Stewart earned his aerial-themed nickname not just from his on-track heroics, but due to his insane travel schedule while competing around the world. While racing Formula One and other smaller circuits in 1972, Stewart flew a documented 86 times across the Atlantic between Europe and the U.S., comprising more than 450,000 air miles that year—and all of that was in coach, because Stewart is a proper Scotsman.

“I always flew coach because we Scots are known for being frugal. There’s still no pockets in my tartan trousers. One of the reasons I have money now is because I made a lot of it when I was racing and saved it. That Scottish upbringing also helped to keep me sensible.”

Watching Stewart flit about the pit row interacting with the race crews and drivers, it’s clear he still gets on well with the sports’s modern stars despite the generation gap.
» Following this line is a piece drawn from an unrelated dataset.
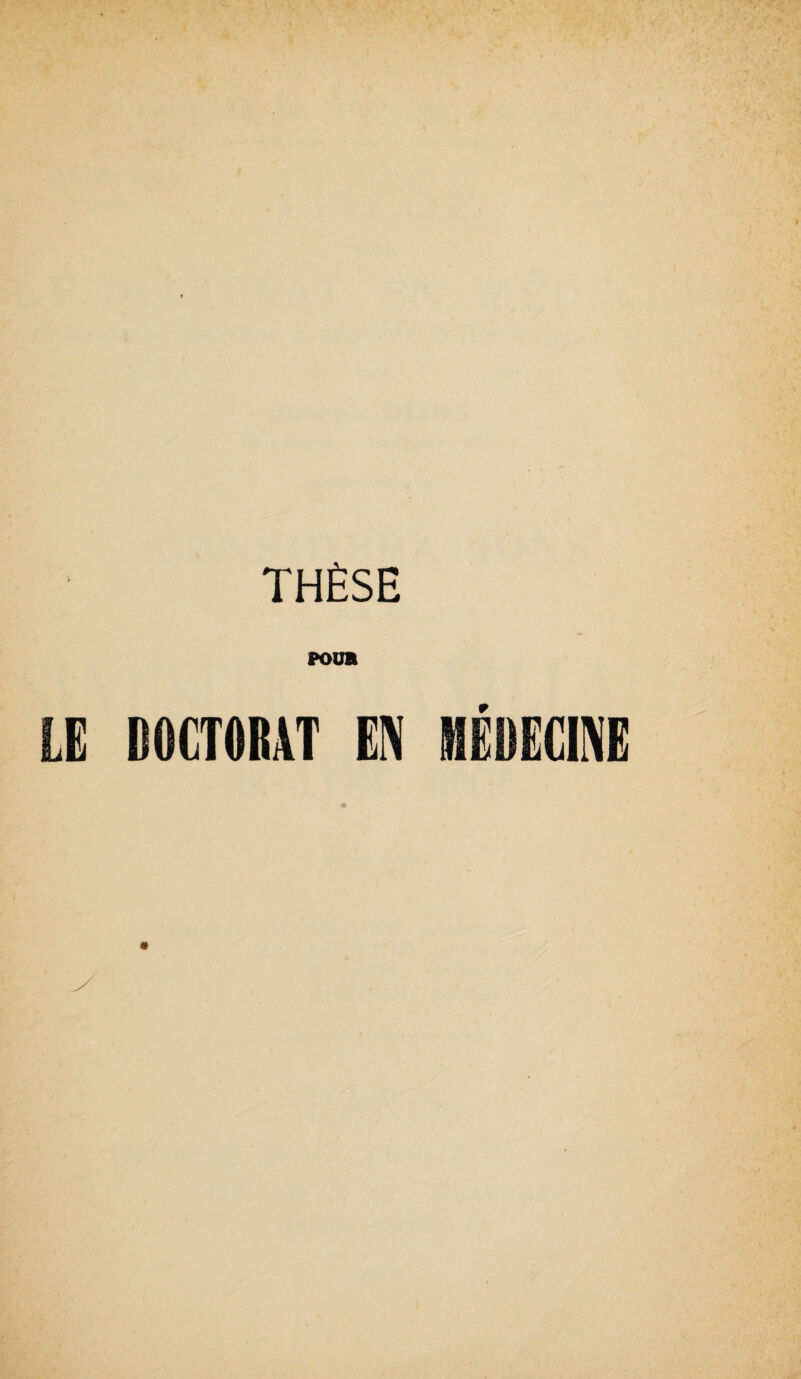 Z. n THÈSE POUR LE DOCTOBAT EN MEDECINE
When he looks at today’s F1 and compares it to that of the swinging ‘60s and ‘70s that he dominated, the biggest difference he sees isn’t the quality of the drivers, the speed of the cars, the technology or social media’s impact on the sport. It’s F1’s massive television reach that changed the game into the international force it is today.

“When I really look at the guys of today, it’s all the same type of man racing, really. We’re all the same animal inside. Yes, the schedules change. The technology changes. The tracks change. As professional racing drivers, we change with the advancements. We evolve. That’s part of the job of being a driver.

“Television is what’s really changed this sport. When I was racing, there would be scores of journalists around us. Now, it’s all television media putting the sport out there around the clock all around the world.”

Whether his potential challengers were drinking and driving, showing up at the track hungover or chasing a skirt instead of a finish line, Stewart kept his engine and conscience relatively clean. If you ask what really kept him on track beyond his Scottish moors, the schedule and the guns, Stewart will always credit his wife of 55 years. Lady Helen Stewart was Sir Jackie’s childhood sweetheart and accompanied him as a racing team member and time-keeper during his competitive career. She kept statistics during speed tests, time trials and competitive laps.

Peter Elinskas/Daily Mail/REX/Shutterstock
Peter Elinskas/Daily Mail/REX/Shutterstock

“Of course, my wife’s presence kept me out of trouble. It was more important to have her around [as] a team member for her support.”

In 2017, Lady Helen is locked in a battle with dementia—a fight that refocused her ever-practical husband for one last race.

“My wife can no longer walk. The parts of her brain that handle those functions no longer enable her to put one foot in front the other. There’s no cure for dementia, and there are no proven preventative treatments. It’s essential because studies show, for the current generation of young people, one in three will suffer from dementia in some way.

“We’re going to do something about that. We’re getting the racing world involved raising money and driving recruiting and research with Race Against Dementia. We’re going to find a treatment and a cure by locating and enabling young researchers—young Ph.Ds that it’ll bring new ideas and new tools to the search.”

As Lewis Hamilton and Sebastian Vettel zip into their fire suits and settle into their cars along the starting grid, the crowd’s gaze isn’t on those stars of today. They’re focused on Stewart as he walks down the center of the race track in his green checkered trousers and six-paneled driver’s cap, waving to fans of all ages. For Sir Jackie, the last king standing from his era and a champion for his 21st-century causes, the race will always be on.